It is very hard to say anything definitive about performance impacts in codebases one has never seen. Each codebase is unique. However to come up with some form of measure, we timed returning an error via each of the main mechanisms, doing so over ten stack frames. A stack frame is defined to be something called by the compiler whilst unwinding the stack between the point of returning the error and the thing which handles the error, so for example ten stack allocated objects might be destructed, or ten levels of stack depth might be unwound. This is not a particularly realistic test, but it should at least give one an idea of the performance impact of returning Outcome’s result or outcome over say returning a plain integer, or throwing an exception.

Log graph comparing GCC 7.2, clang 5.0, Visual Studio 2017.5 and XCode 8.2

As you can see, throwing and catching an exception is expensive on table-based exception handling implementations such as these, anywhere between 16,000 and 36,000 CPU cycles.

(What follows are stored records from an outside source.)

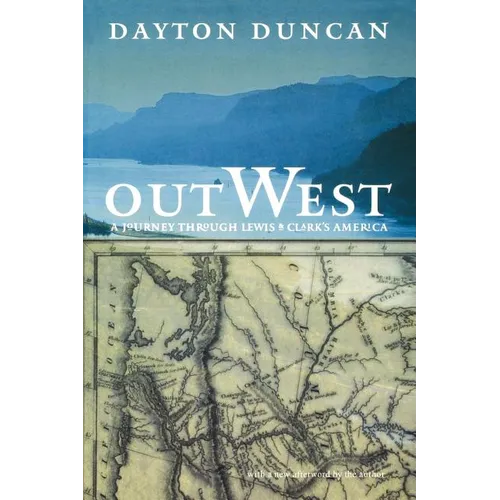 Out West: A Journey Through Lewis and Clark's America - Paperback
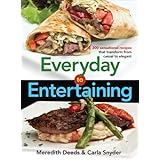 everyday to entertaining 200 sensational recipes that transform from casual to elegant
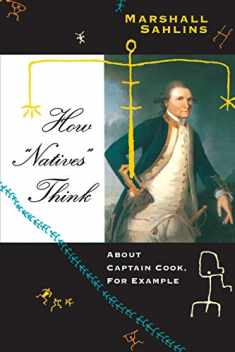 How "Natives" Think: About Captain Cook, For Example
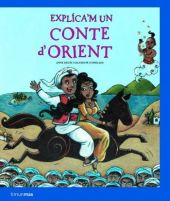 EXPLICA M UN CONTE D ORIENT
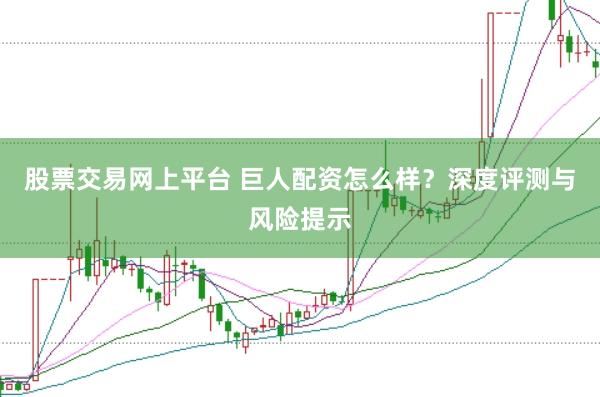 股票交易網上平臺 巨人配資怎么樣？深度評測與風險提示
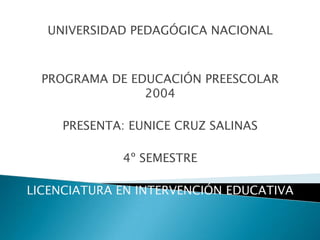 UNIVERSIDAD PEDAGÓGICA NACIONAL



  PROGRAMA DE EDUCACIÓN PREESCOLAR
                2004

     PRESENTA: EUNICE CRUZ SALINAS

             4º SEMESTRE

LICENCIATURA EN INTERVENCIÓN EDUCATIVA
 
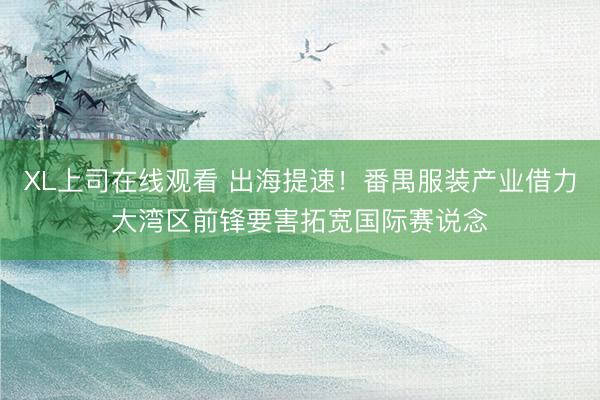 XL上司在线观看 出海提速！番禺服装产业借力大湾区前锋要害拓宽国际赛说念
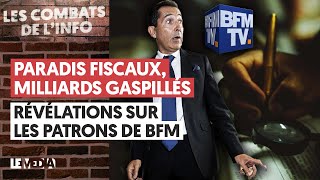 PARADIS FISCAUX, MILLIARDS GASPILLÉS : RÉVÉLATIONS SUR LES PATRONS DE BFM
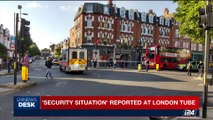 i24NEWS DESK | 'Security situation' reported at London tube | Friday, September 15th 2017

Simple integer returns are always going to be the fastest as they do the least work, and that costs 90 to 100 CPU cycles.

Note that returning a result<int, std::error_code> with an int (result-error-value) is no additional runtime overhead over returning a naked int on most compilers.

Returning a result<int, std::error_code> with an error code (result-error-error) is no additional runtime overhead over returning a naked int on most compilers.

You might wonder what happens if type E has a non-trivial destructor, thus making the result<T, E> have a non-trivial destructor? We tested E = std::exception_ptr and found no performance difference to E = std::error_code for returning a value. Returning an error was obviously much slower at anywhere between 300 and 1,500 CPU cycles due to returning an exception pointer being at least two atomic operations per stack frame, but that is still two orders of magnitude better than throwing and catching an exception.

We conclude that if failure is anything but extremely rare in your C++ codebase, using Outcome instead of throwing and catching exceptions ought to be quicker overall.

Why is implicit default construction disabled?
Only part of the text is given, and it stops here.